If there is any word that could define the work of prolific chef, restaurateur, author and school food transformer Bill Telepan, it would be seasonal. His renowned New York City Upper West Side restaurant, Telepan (with a second NYC location opening soon), has menus based exclusively on local, seasonally available ingredients, and he sees this as the only way to cook. His 2004 cookbook, Inspired by Ingredients, contains a year’s worth of recipes created around seasonality. His work within the New York City Schools and beyond is aimed in part at bringing fresh, seasonal cooking to every child in a classroom. And his regular customers pay attention to those seasons as well; they will begin calling the restaurant in advance of a season to find out when, for example, the ever-popular pea pancakes will be on the menu again.

Lessons from a Legend


The seasonal approach began for Telepan during a six-month stint in France, early in his culinary career, apprenticing under a legendary chef. “The turning point for me was when I was working in France with Alain Chapel, who used to drive to the markets a couple of times a week,” Telepan told Organic Connections. “He’d come back and we’d bring all the food in, and I would see all this great produce and I was amazed. It just looked well cared for. I remember bringing these strawberries in, and I basically ate two pints of them because they were so delicious.

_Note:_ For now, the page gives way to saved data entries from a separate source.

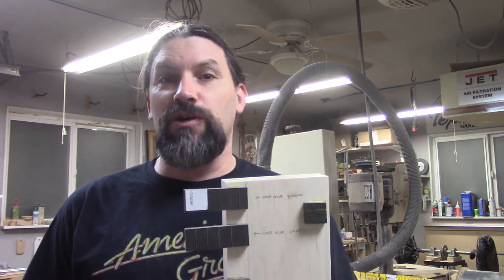Hey everybody, this is Matt and we're at Texas Toast Guitars. Thanks for watching. Today we're going to do a very exciting video about glues you can use when you are attaching Rich Light to your neck.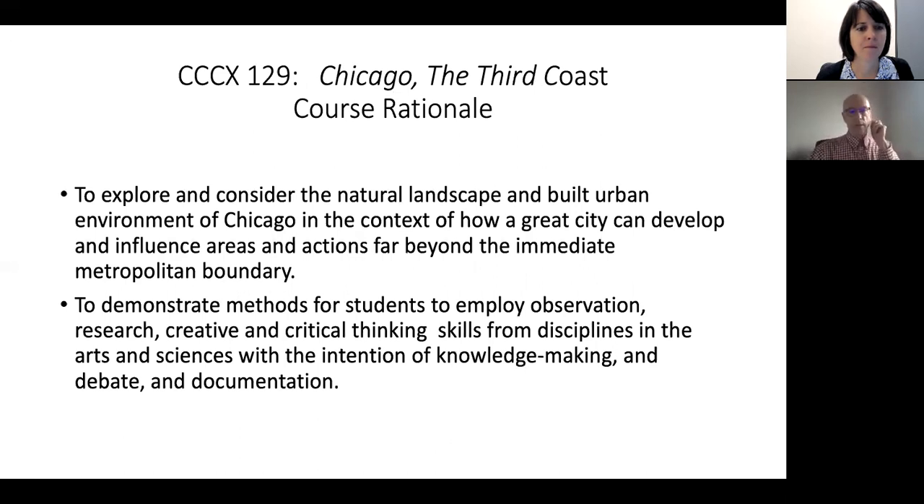The rationale for my course in particular is that Chicago, and any great city, developed based on the science, geography, geology, and resources that were available to the people settling the area at the time. In my course, we're going to be outdoors doing a lot of field trips, so observation is important. Columbia is an arts and media school, so these students generally have strong arts backgrounds — musicians, fine artists, etc. I'm a scientist by trade, so I want some critical thinking involved. Students will document their work in an individual journal and a final collaborative PowerPoint presentation on one of the topics at hand.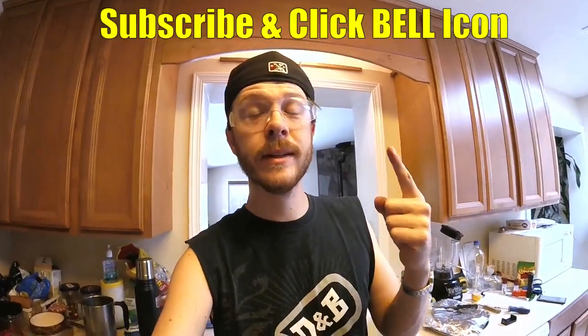Thanks for watching this video guys. If you're new to my channel, please subscribe and click the notification bell — I'd really appreciate that. Thanks for watching, Johnny DIY. Keep on doing it yourself, guys. Take care.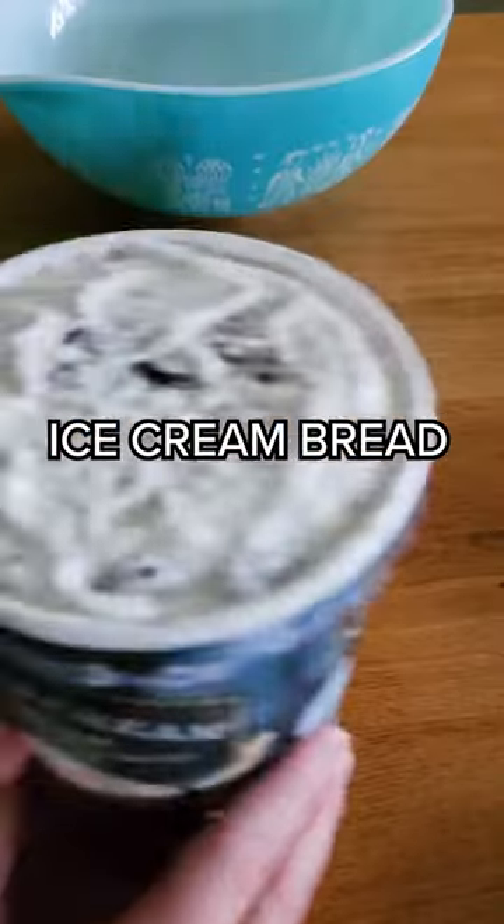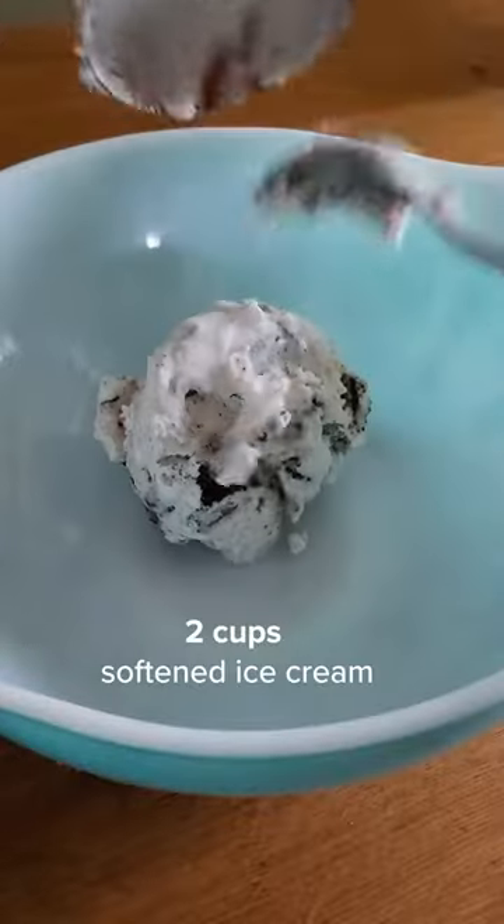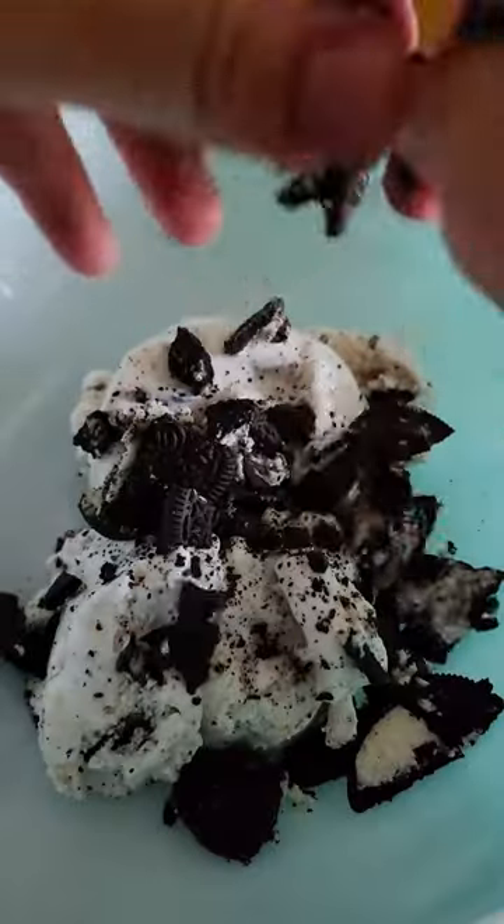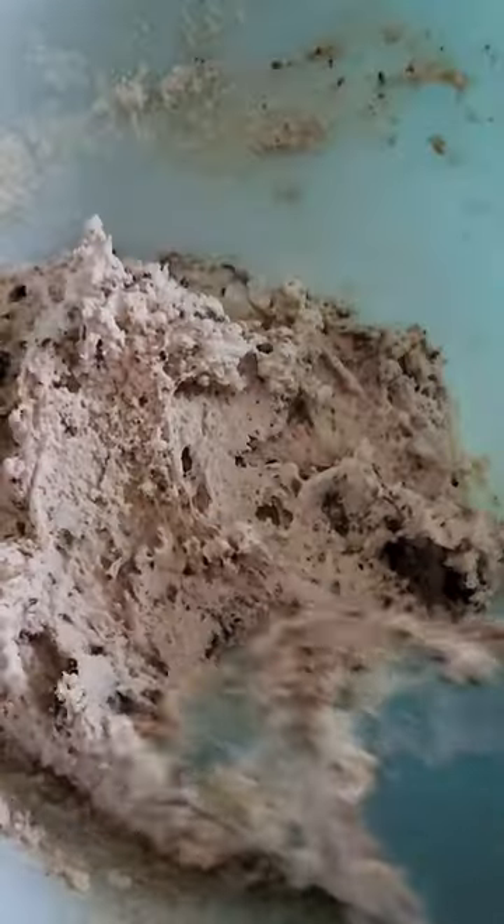Have you ever heard of ice cream bread? It's just ice cream and self-rising flour. I heard about this a long time ago and I've always wanted to try it, so I selected cookies and cream ice cream, added some more Oreos to that, and I baked it in the oven at 350 degrees for 40 minutes.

“We talked about it a lot, the cooks and the chef, and he would change menus monthly. It took me a few weeks to realize what he was doing, because I was first of all just overwhelmed by being in a different country and not really speaking the language that well. But once I started getting into a rhythm I realized he saw seasonal as best because the produce is best, and local is best because it’s fresher.

“That’s half the battle. If you can start off with a quality product, you have a better shot at producing a quality product.”

For Telepan, the lessons called to mind fond memories of produce at home. “I grew up in New Jersey, where there were always Jersey tomatoes and Jersey blueberries. A tomato was never as good as the one that came out of my father’s garden in August. The blueberries were always best when we were driving home from the shore and stopped at the roadside market to pick up a pint of these berries. And that was all coming back to me.”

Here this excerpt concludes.